One morning, during my extended summer stay in Sicily this year, I left Palazzo Notar Nicchi in Polizzi to cook Sicilian food for a few hours in one of Sicily’s most contemporary shared cultural spaces, Farm Cultural Park: a space of small white washed houses opening to seven courtyards in the village of Favara, not far from Agrigento.
Farm Cultural Park's Seven courtyards: Sette Cortili, is where people meet, trade, share ideas, create, listen, engage and discover. Courtyards in Sicilian towns and cities “Cortili” – so Arabic in their intimate blind alley layout - have traditionally been a meeting point for gossip and sharing: they are a legacy from Sicily's Arab interlude.
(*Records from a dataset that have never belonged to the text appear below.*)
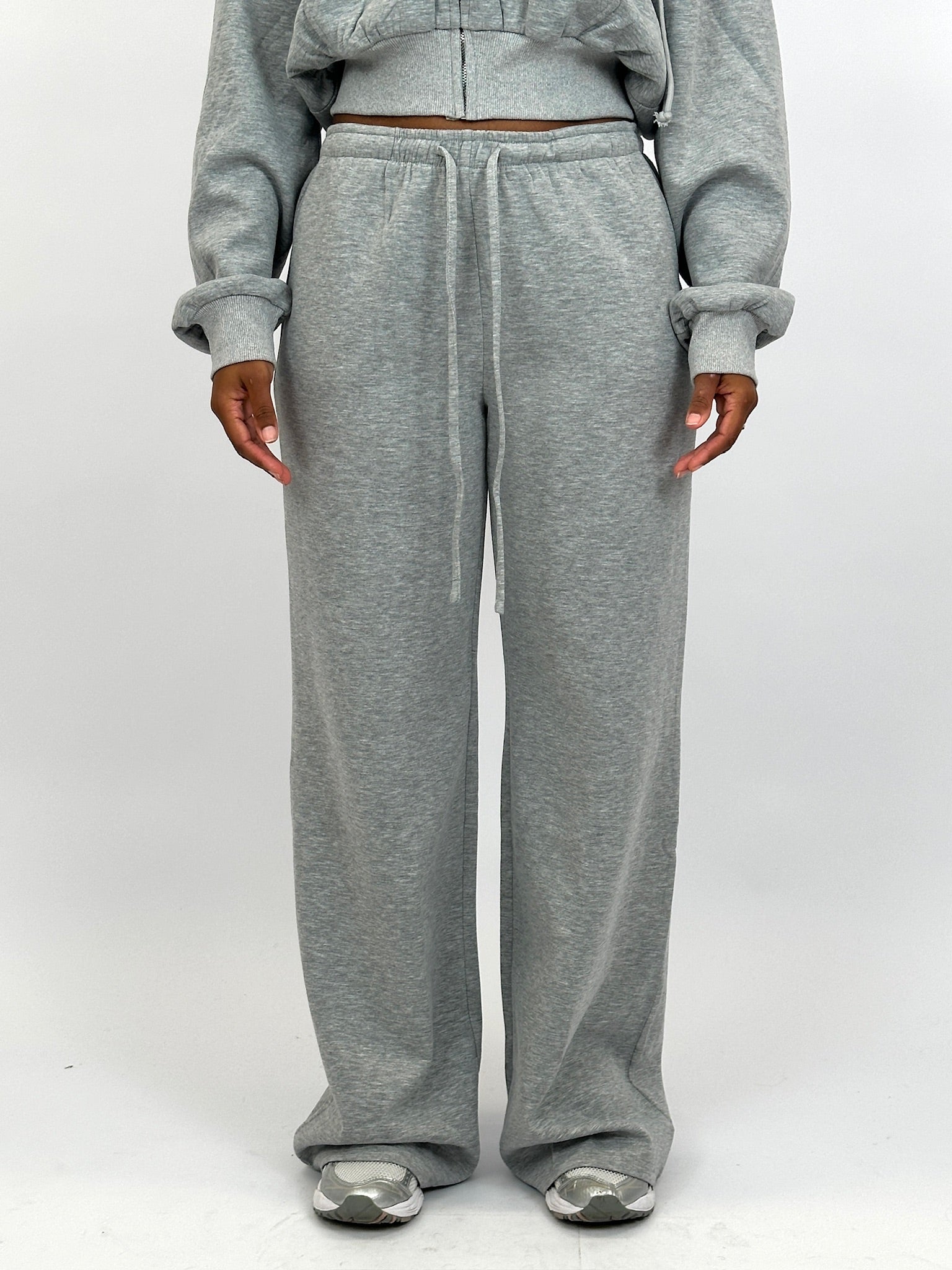 MUSTHAVE STRAIGHT JOGGER GREY (TALL)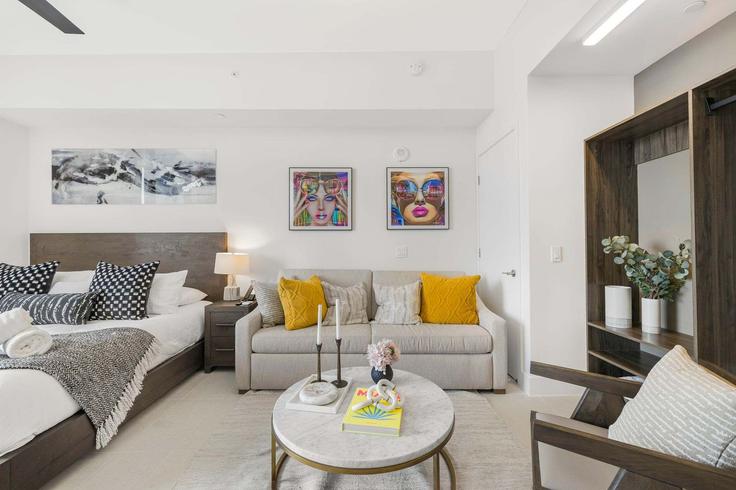 Salle de séjour élégante avec mobilier moderne dans un appartement à Building Dwyane Wade Boulevard - whost - 1054550 - MIA à Miami, Miami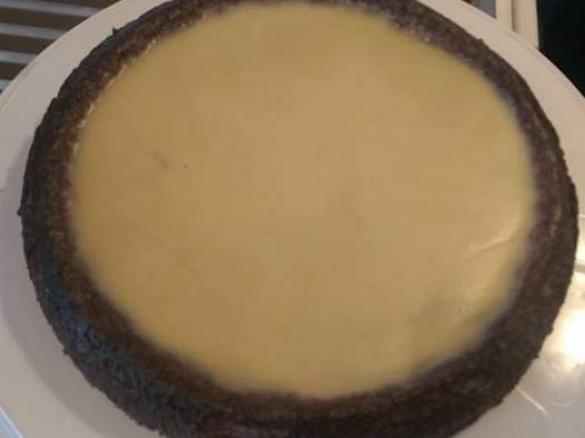 weißer ZENSIERTER SCHOKOKUCHEN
Today, the revitalised use of these seven courtyards in Favara, echoes this traditional cultural habit with a vibrant modernity.
As I cooked that morning I learnt that this really is “a place that makes people happy”. The creation of the lovely Florinda Saieva, a lawyer and her culturally spirited notary husband Andrea Bartoli it is all about supporting the rebirth of their beloved town; a place for people to come together, to share and to leave a little inspired.
And it was the Sicilian word “Nzemmula”, written on a glazed panel over the small house where I cooked that morning that my curiosity was really stirred. I asked the meaning of this exotic word and found that “Nzemmula” means “together” in Sicilian. I like the word “Nzemmula”; to me it expresses the soul of Farm Cultural Park.